People of God
When Is a Person Truly "In" the People of God?
When Is A Person Truly "In" The People Of God?
"Inclusivism" is a term that encompasses a fairly wide range of positions, as J.A. DiNoia notes in his book, The Diversity of Religions. DiNoia's definition is broad enough to encompass both a minimal and a maximal form of inclusivism. The maximal form is asserted by those who believe that "all religious communities implicitly aim at the salvation that the Christian community most adequately commends." Non-Christian religious bodies may think and act as if their ultimate goals are distinctively different from the church's. However, their goals in fact orient them to some degree towards Jesus Christ, and to the extent that they do, their concrete identities may be truthful and their way of life leads to salvation. A minimal version of inclusivism says little or nothing about the salvific significance of non-Christian religions as such, but asserts "at least that salvation is a present possibility for the members of other religious communities" (Congar, 1964). It is evident that the Christological and philosophical presuppositions of both forms of the inclusivist position enable its adherents to maintain the traditional claims for the church far more easily than within pluralism. All inclusivists, as we noted earlier, believe that Jesus Christ alone is the savior of the world, that it is his grace which penetrates all religions and cultures, whether or not they are aware of him. Inclusivists would deny, furthermore, that this is simply a relative perspective. Rather, their claims reflect the actual state of affairs, namely, that all truth and all goodness come through Christ and his Spirit.
Of the two forms of inclusivism, it is the maximal kind that is of interest here, for it generates a distinctive horizon within which to reflect upon the church. Maximal inclusivism asserts that all that has been touched by the truth and goodness of Christ is in some way embraced within the church's reality. There is therefore a connection at the ontological level between the church and all that lies outside its visible boundaries, both religious and non-religious. Henri de Lubac displays a Roman Catholic version of this belief when he writes:
Nothing authentically human, whatever its origin, can be alien to her [i.e., the church catholic] & #8230;. To see in Catholicism one religion among others, one system among others, even if it be added that it is the only true religion, the only system that works, is to mistake its very nature, or at least to stop at the threshold. Catholicism is religion itself. It is the form that humanity must put on in order finally to be itself.

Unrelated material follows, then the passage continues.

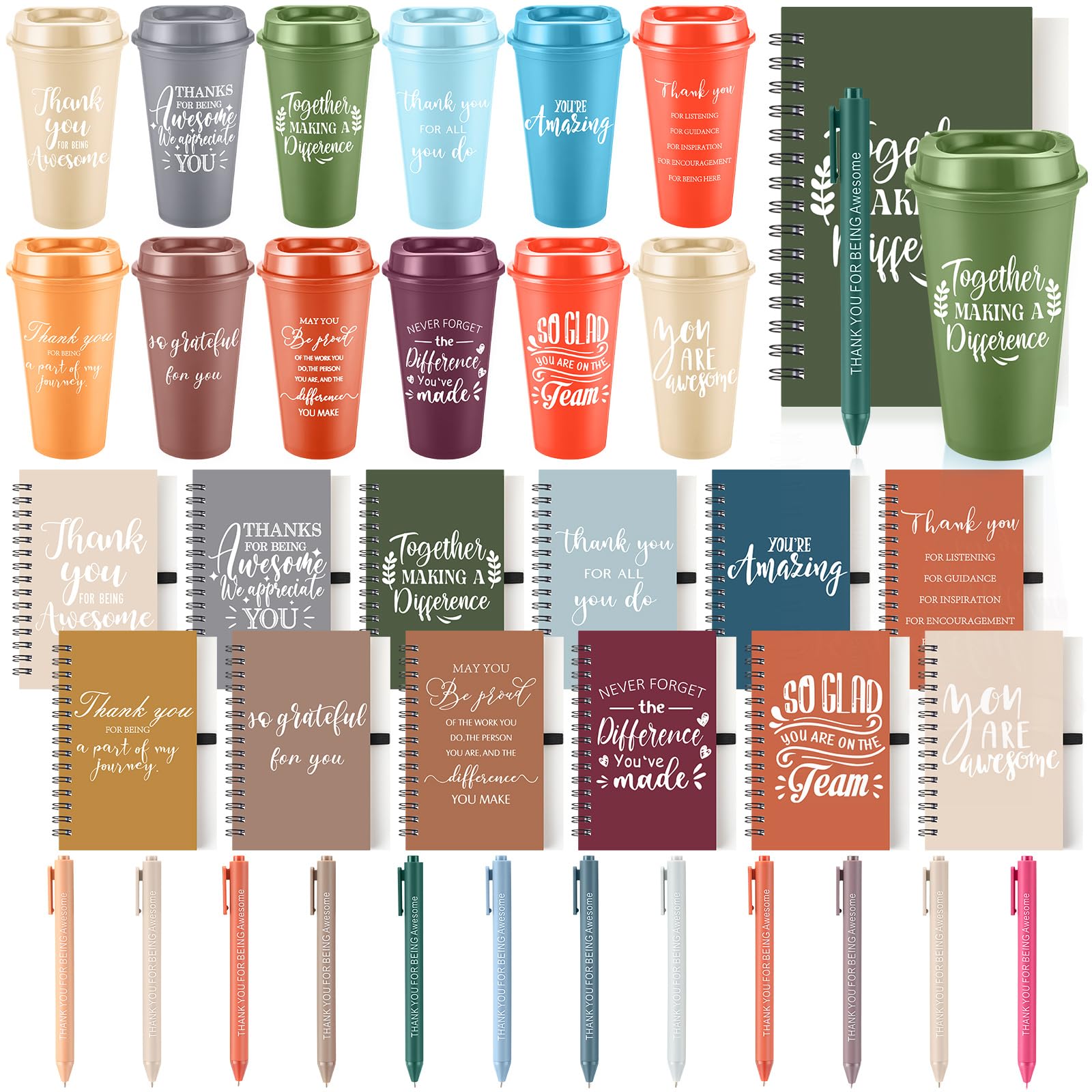 LemonRoad Set di 36 bicchieri in plastica con coperchio, con cannuccia e penna a spirale, regalo di ringraziamento per ufficio e team (moderno, luminoso)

This maximal version of inclusivism thus becomes an epic framework for understanding all aspects of the relations between God, world and church. In identifying Christianity or, more narrowly, Roman Catholicism, with authentic humanity, the horizon pushes theological reflection in the direction of a Christian humanism. We can call this set of beliefs, "ecclesiological inclusivism." It is distinct from minimal inclusivism, which need have little bearing upon ecclesiology. Those who maintain the latter -- as I think Karl Barth did in his Church Dogmatics period
-- may be optimistic about the universality of salvation and may acknowledge the relation between Jesus Christ and all truth and goodness outside the church in much the same way as within a theodramatic horizon. But they do not attempt systematically to draw out the implications of these beliefs as they discuss the church, which may be treated as more or less a separate issue. Thus a theologian may be rather more inclusivist than exclusivist or pluralist about salvation and truth, but if her inclusivism is of a sufficiently minimal kind, it may be part of a theodramatic horizon and ecclesiology, since her inclusivism has no determinative bearing upon her understanding of the nature and function of the church.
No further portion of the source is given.